Investment analysts Saxo say though cost of living in UK has dropped they are not at the levels needed for the Bank of England (BoE) to reduce base rate figure until late 2024.
Financial experts have warned that the inflation rate fall in Britain is not as good as expected – meaning the Bank of England will have to delay making cuts to the interest rate.
The year-on-year inflation figure fell to 2.3% last month, close to the UK government’s target of 2%. But the fall was not as much as economists expected, leading to concern in the markets about how the British economy is performing.

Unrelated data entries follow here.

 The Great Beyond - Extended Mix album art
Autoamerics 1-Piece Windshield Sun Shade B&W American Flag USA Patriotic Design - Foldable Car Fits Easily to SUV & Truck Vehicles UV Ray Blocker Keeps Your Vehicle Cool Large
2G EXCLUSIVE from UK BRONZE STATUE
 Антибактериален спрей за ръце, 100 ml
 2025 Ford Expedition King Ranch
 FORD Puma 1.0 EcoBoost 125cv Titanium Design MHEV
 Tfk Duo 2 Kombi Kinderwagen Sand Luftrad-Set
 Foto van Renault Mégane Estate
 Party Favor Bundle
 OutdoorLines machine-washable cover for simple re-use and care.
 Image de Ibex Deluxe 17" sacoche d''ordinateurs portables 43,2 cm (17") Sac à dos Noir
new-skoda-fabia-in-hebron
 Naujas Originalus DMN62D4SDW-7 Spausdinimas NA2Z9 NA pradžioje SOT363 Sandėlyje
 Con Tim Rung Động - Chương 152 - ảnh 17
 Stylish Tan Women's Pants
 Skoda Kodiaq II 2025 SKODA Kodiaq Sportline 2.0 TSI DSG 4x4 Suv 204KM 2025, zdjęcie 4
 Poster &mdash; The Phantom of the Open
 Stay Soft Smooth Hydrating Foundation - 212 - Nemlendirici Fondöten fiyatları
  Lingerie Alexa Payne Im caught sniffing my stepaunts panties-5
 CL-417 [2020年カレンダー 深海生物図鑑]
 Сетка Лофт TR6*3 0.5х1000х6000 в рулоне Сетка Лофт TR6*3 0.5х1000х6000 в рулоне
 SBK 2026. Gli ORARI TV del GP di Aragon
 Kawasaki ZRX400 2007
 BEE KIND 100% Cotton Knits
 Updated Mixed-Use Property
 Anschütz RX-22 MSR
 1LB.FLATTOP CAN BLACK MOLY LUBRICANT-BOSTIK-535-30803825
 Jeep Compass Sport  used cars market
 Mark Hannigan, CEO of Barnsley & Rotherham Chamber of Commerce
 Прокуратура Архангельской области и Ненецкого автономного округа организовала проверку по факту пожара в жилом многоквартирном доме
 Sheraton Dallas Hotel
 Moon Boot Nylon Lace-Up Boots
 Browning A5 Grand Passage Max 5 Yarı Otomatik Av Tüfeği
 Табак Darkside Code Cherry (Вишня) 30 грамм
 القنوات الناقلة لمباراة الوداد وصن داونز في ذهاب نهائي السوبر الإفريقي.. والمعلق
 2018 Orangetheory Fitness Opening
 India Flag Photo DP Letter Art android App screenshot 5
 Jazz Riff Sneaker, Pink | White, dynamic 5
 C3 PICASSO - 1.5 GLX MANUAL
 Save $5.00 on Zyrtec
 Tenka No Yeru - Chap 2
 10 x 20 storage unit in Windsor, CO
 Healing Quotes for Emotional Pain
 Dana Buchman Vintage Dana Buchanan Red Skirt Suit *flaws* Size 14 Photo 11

Much of the fall was down to 2023 high energy costs falling off the charts, and investment analysts at Saxo say the continued poor performance of core services CPI will prevent the Bank of England from cutting the base rate of interest rates until much later this year.
A Saxo spokesperson said: “The European morning begins with news that UK headline inflation has decreased significantly, though not as much as economists had forecasted. UK headline inflation dropped to 2.3% year-on-year in April from 3.2% in March, but it remains above the consensus estimate of 2.1%.
“The progress in Core and Services CPI is even less impressive, with Core CPI falling to 3.9% and Services CPI to 5.9%, casting doubt on the possibility of an early rate cut by the Bank of England with bond futures estimating 39bps rate cuts by the end of the year versus 55bps yesterday.”